There are subjects that are harder to write about than others. If you think about returning soldiers stories, what comes up to mind? PTSD, nightmares, violence and some more PTSD, right? Our poor soldiers have always been eating their plateful of combat trauma. THE ADJUSTMENT, by Scott Phillips is a returning soldier novel, but it's highly different from what you know. Not every soldier sees combat and not every soldiers sees death, mutilation and horror. But the army, during a World War is quite the experience. The time away from family and responsibilities, the bonding, the rivalries, the common enemies, it's another lifestyle. It's hard, coming back to stale life in the Midwest for poor Wayne Ogden. Just time spent away from home, sometimes give you a different perspective on everything you used to believe in.
Wayne was stationed in Italy during World War II, but rather than fight Benito Mussolini's troops, he was a pimp in Rome. A good one that is, who took care of his girls and kept them pretty and motivated for his customers.
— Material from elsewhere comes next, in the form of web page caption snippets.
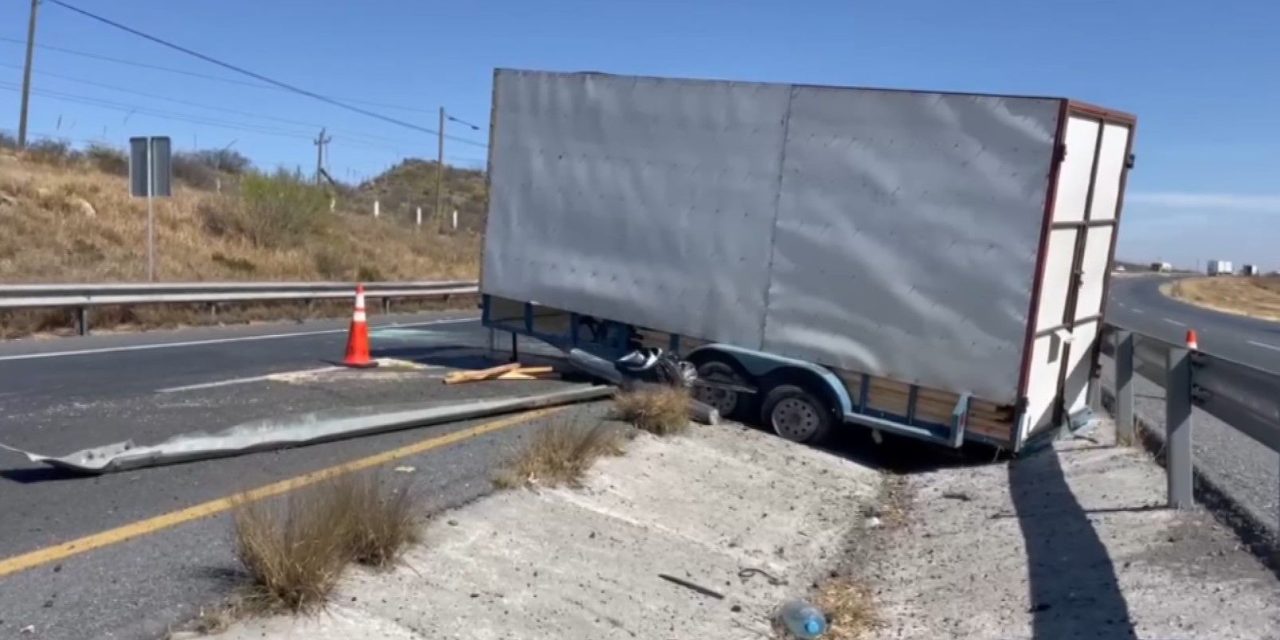 Accidente en la carretera Saltillo-Torreón deja dos heridos y daños materiales considerables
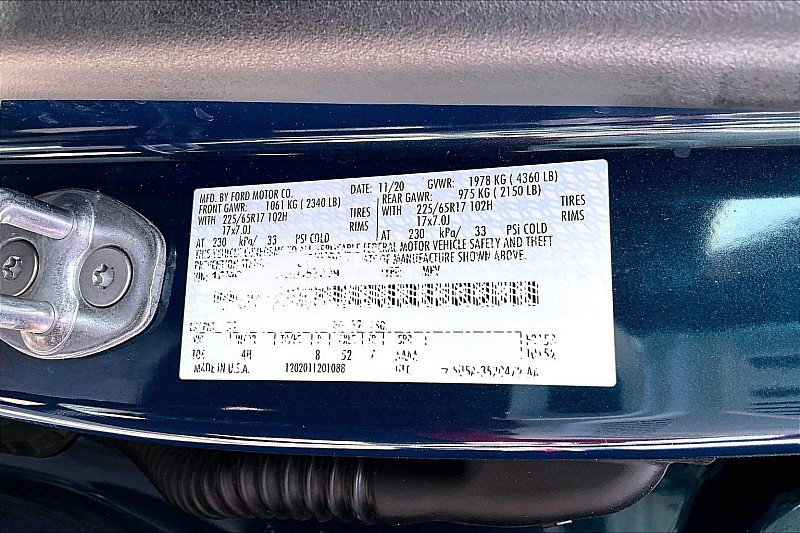 Used 2020 Ford Escape SE image 32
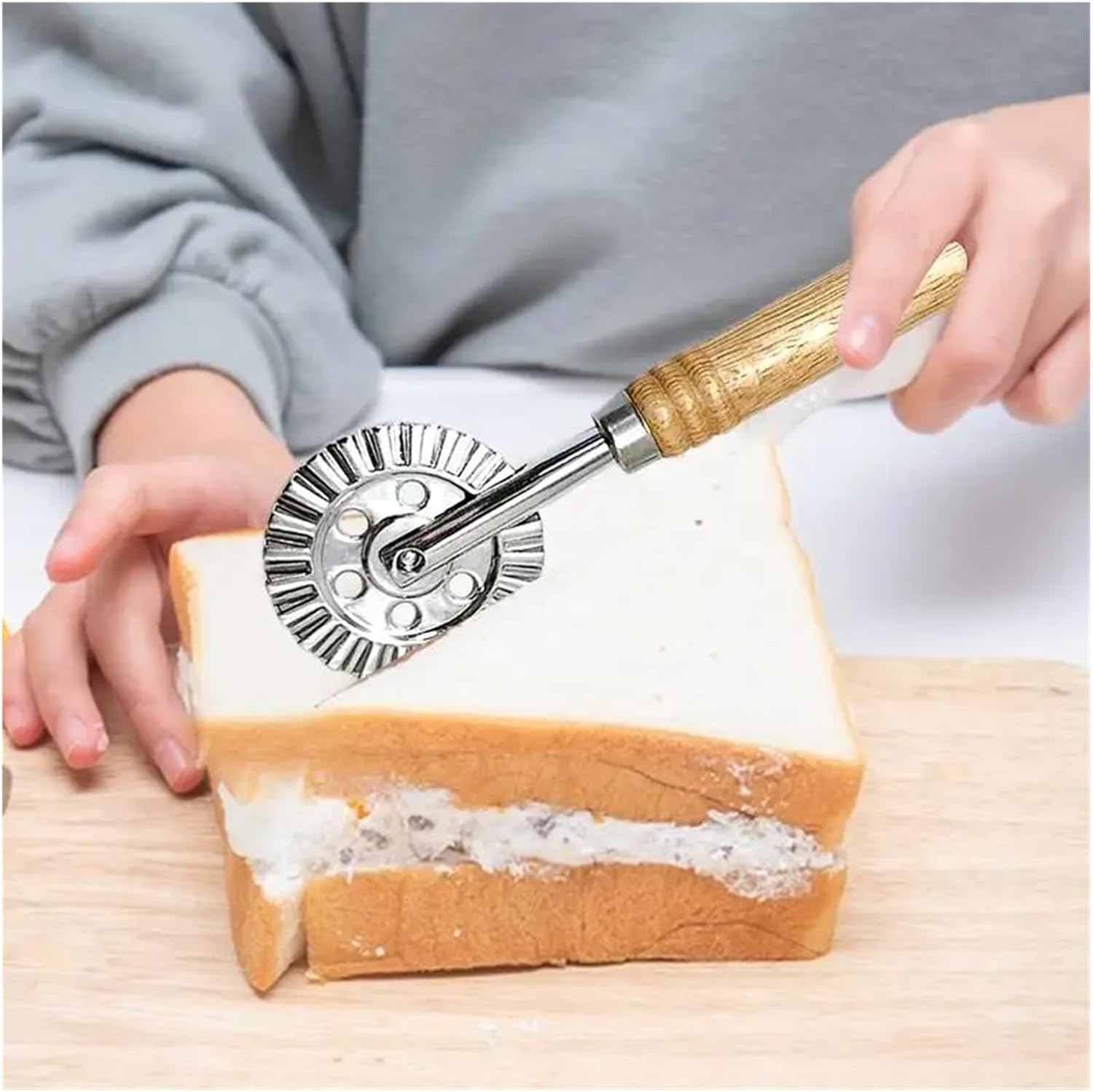 Pizza Wheel Cutter Fluted Edge Pasta Roller Cutter with Wooden Handle Ravioli Crimping Tool Dough Roller Cutter for Dumpling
Back in Wichita, Kansas with his wife Sally, Wayne lands a job at Collins Aircrafts, working for his childhood hero Everett Collins as a right hand man. He has an office over there, but he doesn't have a precise role. He just makes sure that the reckless old man doesn't get in trouble during one of his heated nights in town. And for Collins, every night is a heated night. Wayne is haunted by this odd feeling of inadequacy, having to mop up behind the old depraved CEO. Also, a mysterious language-challenged blackmailer keeps reminding him of a drama that happened overseas. Keeps tells him the blood is on his hands. Wayne has got to make something happen, for his own sake. Status quo will drive him mad or get him killed.
First thing first, it's going to smack you in the face like a shovel as you read THE ADJUSTMENT, Scott Phillips has a great sense of humor. It's not a comedy per se, Wayne Ogden is as dark of a protagonist as it gets, but humor is the thread that binds this novel together. It's dark and often highly sexual, but if it's your cup of tea (it IS mine), you will love it. Here's an example of what I'm talking about.
The whole time I knew her, which is to say the last ten years of her life, Sally's mother had an awful odor that clung to her like a shroud, as though she'd never learned to wash properly, or had stopped caring at some point. I didn't see how Sally's father stood it, in fact had trouble picturing how Sally had ever been conceived. If Mr. Tate had endured some sort of brain injury that had removed his olfactory sense I hadn't heard about it.
THE ADJUSTMENT has a very fragmented narrative, articulated around Wayne Ogden's different escapades with Collins, his personal motives to fuck with his boss, his domestic life and the other life he had overseas. It's often fragmented within the same chapter, which gives a sense of brooding to the character. His life is going in circles, he's bored, angry and dissatisfied with his situation. I thought it was a nice and very bold aesthetic risk that Phillips took to give his novel such a particular tone. THE ADJUSTMENT depicts with a lot of accuracy, emotions that are very difficult to describe.
While the pacing is not always evident, THE ADJUSTMENT is a rather friendly entry door to hardboiled/noir crime literature because it's sitting on a tiny edge in between the cousin genres. Scott Phillips is a unique and talented storyteller, and his mid-century America is only next to James Ellroy's in terms of tremendous setting. His post-war Kansas is a desolate place, run down by opportunists and interlopers. There isn't much not to like about THE ADJUSTMENT. It's funny and yet it's dark and visceral. It's not too oppressive or difficult and yet it has terrific insight on how America fabricates its own criminals.